That is how my cousin described selling his house and building a new one in less than three months. In my own way (I'm neither as young nor as focused as he was then) my hair has been "Straight Back" for these last few weeks.
Today: I'm waiting for the cable provider to show up and pull their cable through the buried conduit. Hopefully the same crew can drop their overhead lines to both houses. Then I can push the old rotten poles over, pull off the defunct telephone line and saw the poles up for kindling.

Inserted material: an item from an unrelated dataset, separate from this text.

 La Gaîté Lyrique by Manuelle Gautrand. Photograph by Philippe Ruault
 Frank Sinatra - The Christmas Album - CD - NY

What chaos in my truck and shop! For that matter there is over a thousand feet of chaos in the forest where we ran the ditching. The material we disturbed does not lend itself to neat backfilling. It is a mixture of sand, clay, gravel and large "Bones" (boulders too big to lift by hand) so trying to flatten it out is a bit of a challange. The big bones inevitably spring up as you "Back Blade" and dig new trenches or boost the machine and sit there with a major speed bump around them. Some of these rocks are too heavy for the little Hoe to push let alone lift.
So I've had nothing better to do while bouncing around on the machine than imagine what placed this odd mixture of dirt and rocks just where I decided to dig the trenches. I have done a bit of "Schoolin'" and worked as a field geologist in Mineral exploration. One interest that has stood the test of time is: Glaciation.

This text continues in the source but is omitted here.